──────── Data provided ────────

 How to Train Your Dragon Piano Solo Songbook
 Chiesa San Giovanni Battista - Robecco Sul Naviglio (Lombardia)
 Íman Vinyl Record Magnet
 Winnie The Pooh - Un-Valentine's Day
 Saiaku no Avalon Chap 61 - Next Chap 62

────────
──────── Data provided ────────

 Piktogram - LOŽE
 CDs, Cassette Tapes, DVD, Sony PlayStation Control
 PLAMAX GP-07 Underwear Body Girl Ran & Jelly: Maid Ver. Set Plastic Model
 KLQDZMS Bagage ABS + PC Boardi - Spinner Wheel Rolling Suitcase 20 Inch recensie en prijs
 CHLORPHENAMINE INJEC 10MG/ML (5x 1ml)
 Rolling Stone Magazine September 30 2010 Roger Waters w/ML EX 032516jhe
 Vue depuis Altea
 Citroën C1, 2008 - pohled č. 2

────────

> Exercise requirements
Look back at the data above. Transcribe exactly the lines starting at the line that contains "Piktogram - LOŽE" and ending at the line that contains "Citroën C1, 2008 - pohled č. 2".

> Response to the task
 Piktogram - LOŽE
 CDs, Cassette Tapes, DVD, Sony PlayStation Control
 PLAMAX GP-07 Underwear Body Girl Ran & Jelly: Maid Ver. Set Plastic Model
 KLQDZMS Bagage ABS + PC Boardi - Spinner Wheel Rolling Suitcase 20 Inch recensie en prijs
 CHLORPHENAMINE INJEC 10MG/ML (5x 1ml)
 Rolling Stone Magazine September 30 2010 Roger Waters w/ML EX 032516jhe
 Vue depuis Altea
 Citroën C1, 2008 - pohled č. 2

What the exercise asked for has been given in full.